By Anisa Ismail
If you were born before 2000’s,then you can remember having to do classwork and homework in the traditional way. A good old sharpened pencil and paper throughout primary school, and then you graduated to colored gel pens in high school. However, it seems like times have definitely changed as most schools, in the UAE, have begun to transition classrooms into a mobile device-friendly environment where students can incorporate the latest technology into the learning process. Will this transition come at a cost to the way a young child is able to learn?
The answer isn’t as simple as we first believe it to be. In order to really see the truest outcome we need to be able to weigh in on both sides of the coin. Having a mobile friendly learning environment does have it’s benefits for the students in the classroom.
Firstly, a lot of the young students have an expectation of an always-on access to the information they need. Mobile learning allows them to have an almost instantaneous access to the information they need. What makes it even easier is if the devices are portable, it can be used in the classroom as well as at home.
Interactive content can be developed in stimulating formats, utilizing navigation and techniques familiar from digital platforms, including social media. Students, teachers and parents can all keep track of the student’s studies through automated updates, assignments and progress.
Secondly, high school students, can experience flexible, accessible mobile learning that supports the development of their independence, ownership of their progress and time management of their studies, needed for the 21st century workforce. Having a readily available approach to a 21st-century learning experience, that’s convenient, is tailored to their needs and saves them time, is exactly what they can receive from this type of learning. The barrier to successful learning would be to not provide such an experience
Furthermore, teachers who have a zero-tolerance policy when it comes to phones out during class, since they assume that their students are using them to text friends or update their various social media sites, can ensure that students use devices for educational purposes. This in turn can change the classroom dynamic from lecturing at the front of the room to having no traditional front of the classroom at all. This makes it a little easier for the teacher to walk around and navigate the classroom in a more effective manner.
With all that said and done, there is a downside to mobile learning, especially with pre-school and primary school aged children.
For one, it simply cannot replace learning through play.
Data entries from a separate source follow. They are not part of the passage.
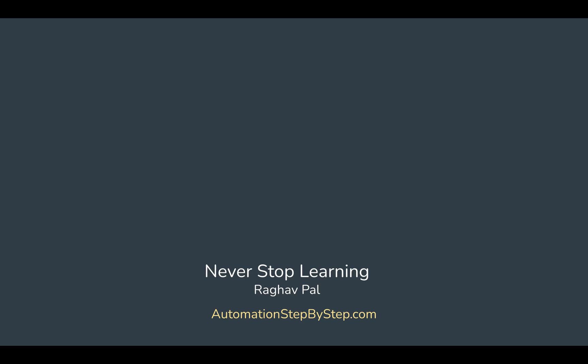I will see you in the next session. Thank you for watching and never stop learning.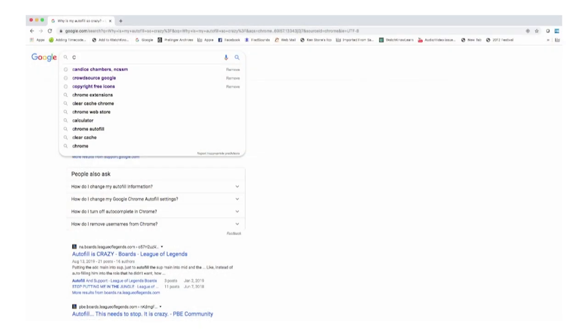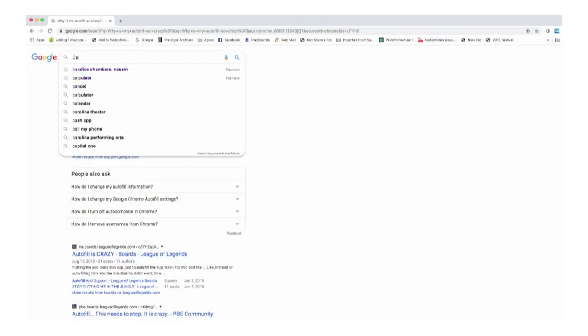Let me give you an example. Think of a word that starts with C. Got it? Was it cat? Was it cot? Was it cute? Was it more than one syllable? Cottage? Cottages?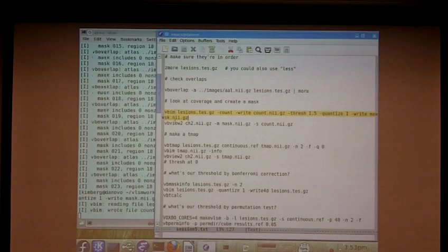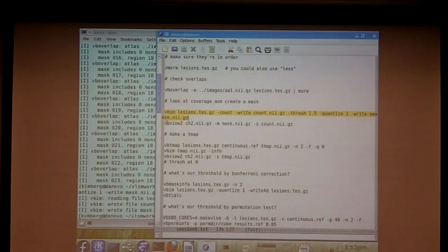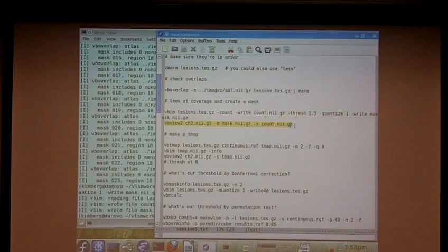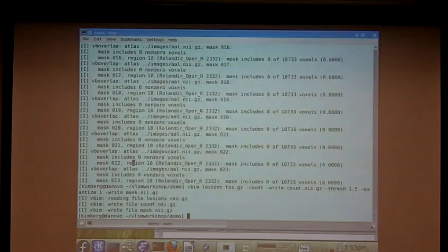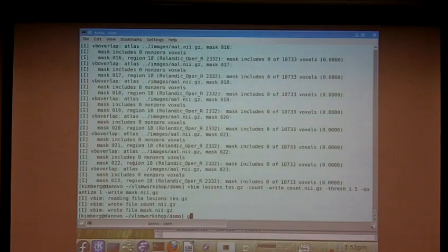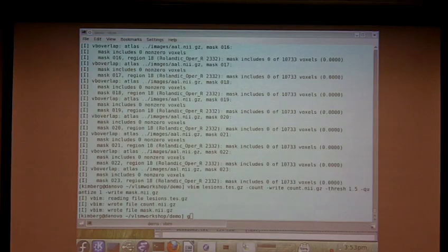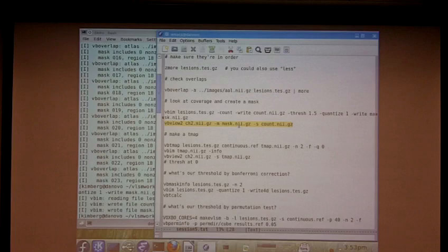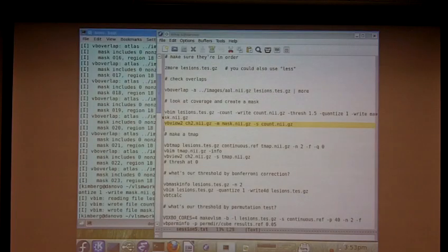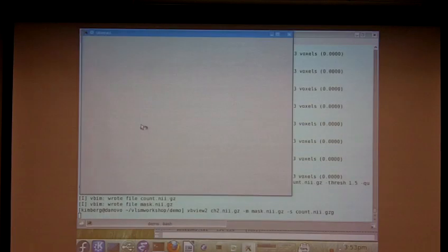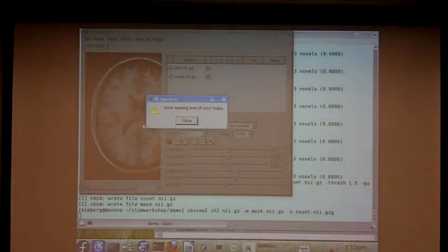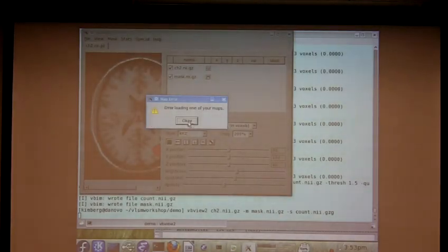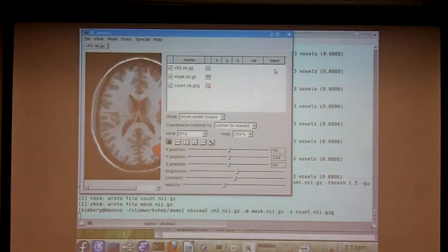This will just take a moment. While I'm doing that, I'm going to grab the next command, which is going to overlay both the mask and the count map on the column brain. I'm having a hard time copying and pasting. Let me try that again.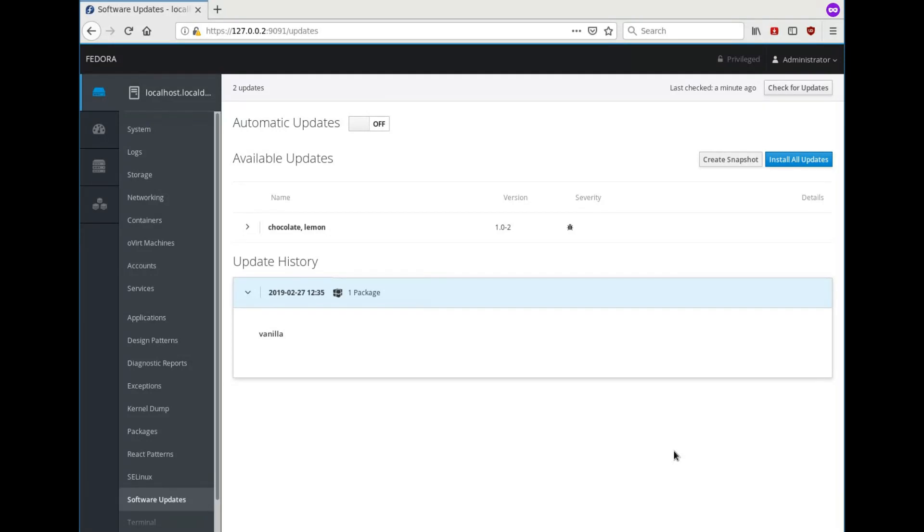They give you an additional safety net when anything about applying updates fails, so you can go back to the previous system state exactly as it was before the updates.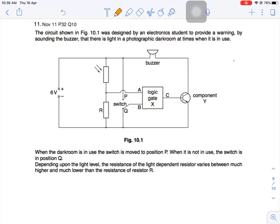Let's look at question number 11. We want to sound a buzzer when there is light in the photographic dark room at times when it is in use. When the dark room is in use, the switch is moved to position P. When it is not in use, it is at position Q. Depending upon the light level, the resistance of the light dependent resistor varies between much higher and much lower than the resistance of resistor R.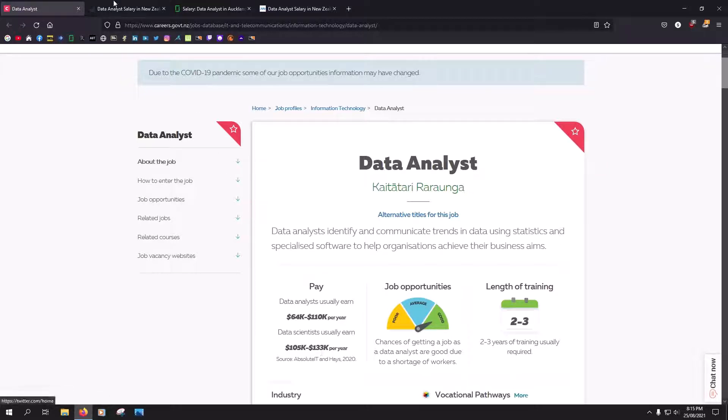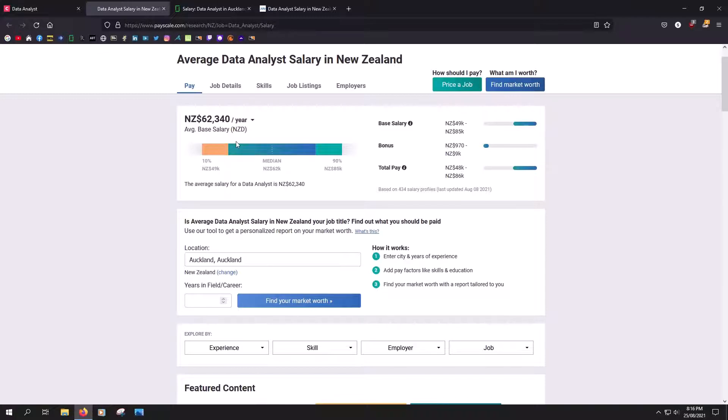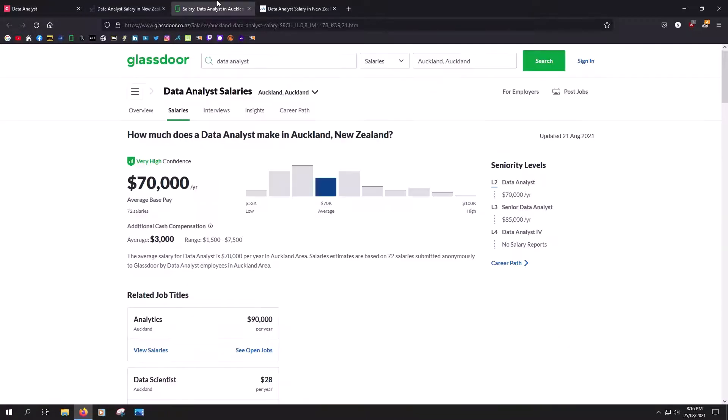Let's compare with different websites. Payscale is saying the average is $62,000 per year. Glassdoor is saying $70,000.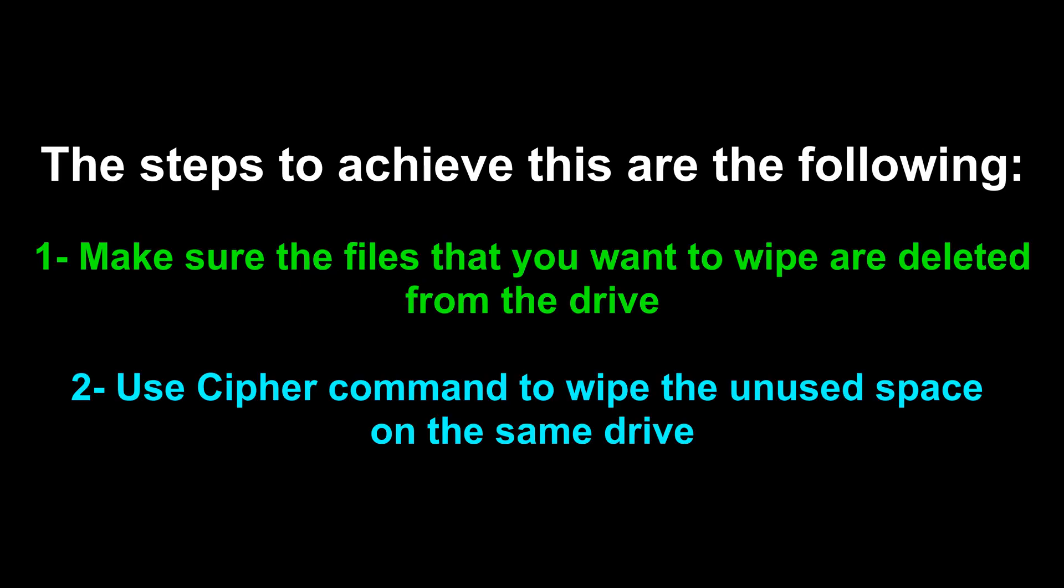The steps to achieve this are the following: First, make sure the files that you want to wipe from the drive are completely deleted. Then, use cipher command to wipe the unused space on this same drive.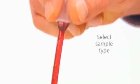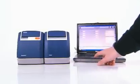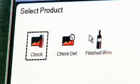To do a test for color and wine parameters, select an icon on the computer screen to match your sample type. In this case, we'll choose finished wine.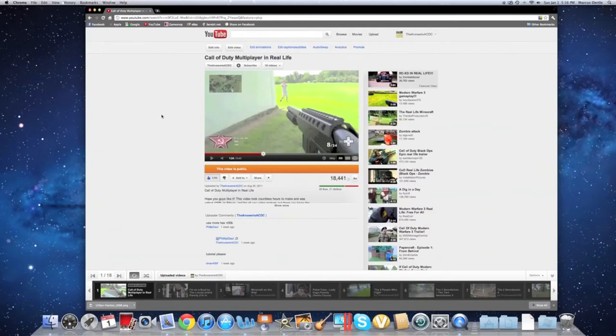Hey YouTubers, today I'm going to be doing a short tutorial on my video Call of Duty Multiplayer in Real Life. I've got a few requests for it, so here we go.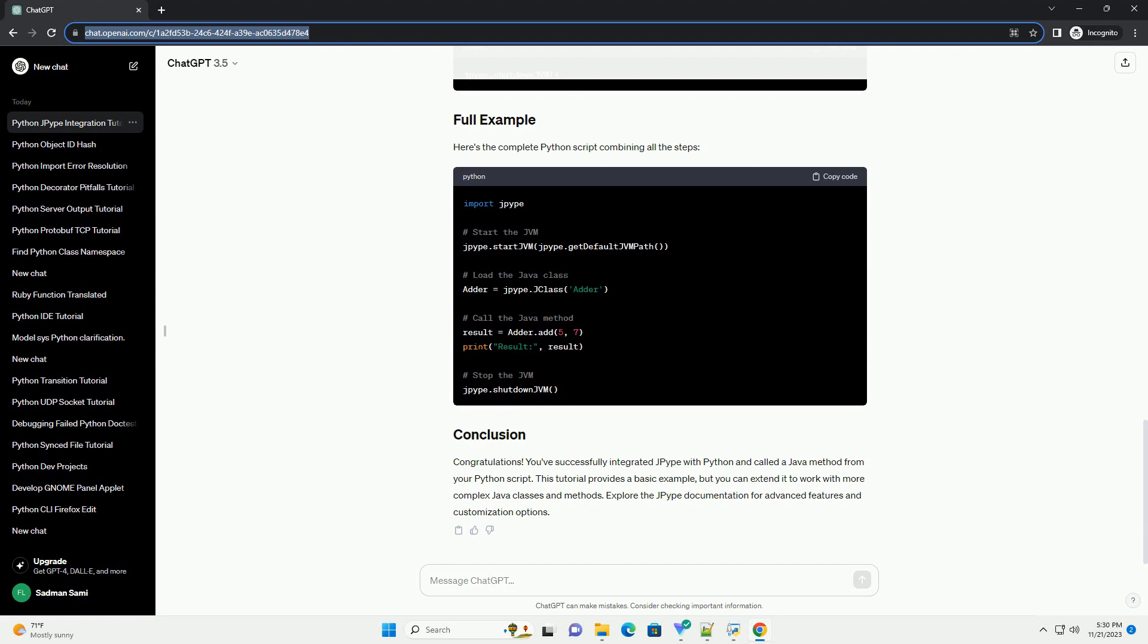Compile the adder.java file using the following command. In your Python script, use the JPype.jclass function to load the compiled Java class. Now you can call the add method from the Java class.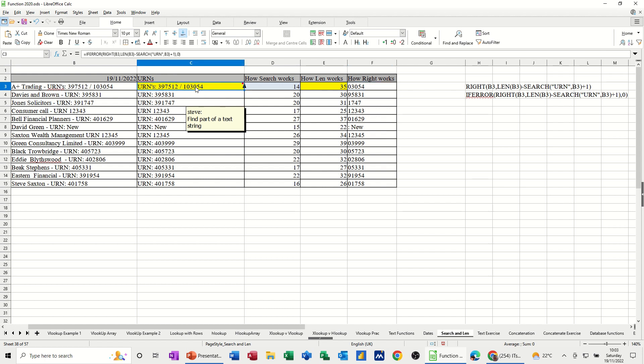Now when you put them all together, I've got an if error there as well. So if there's an error, you want this to just show 0. I'll put that on at the end, but I'll just do the first straightforward functions I've just talked about there. Search and right first.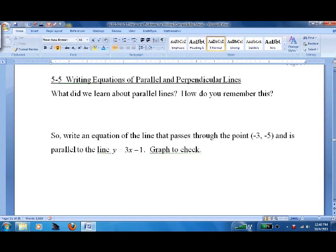This lesson is about writing equations of parallel and perpendicular lines. Some tricky stuff, but with practice, not too bad.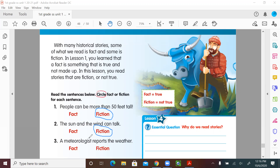Number three: 'A meteorologist reports the weather.' If you want to work with weather you become a meteorologist — that's where people predict and report the weather. Is this fact or fiction, true or not true? Very good! If you chose fact, you are absolutely right. It is fact!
Researchers have shown that through play and with the use of educational toys, children learn many different skills they will need in their life such as:
Problem solving and learning cause and effect.
Learning how to play with others through compromise, conflict resolution and sharing.
Development of fine and gross motor skills.
Nurturing their creativity and imagination.
Discovering their independence and positive self-esteem.
Therefore, it is clear to note that mobile learning heavily disengages a young child’s mind from almost all of these crucial areas of development.
Mobile devices have already begun to influence young children in their daily routine. This is evident in a variety of learning establishments in the MENA region. In today’s hyper-connected world its influence will continue to grow with mobile devices occupying an ever more significant role in the classroom.
The key word that will instill is balance in determining when, where and how learning takes place, when using these devices.
The integration of mobile technologies into the learning experience supports new and exciting ways of delivering engaging content; as long as it is used in accordance to every age and stage of development for it to be of true benefit for the students in the classroom.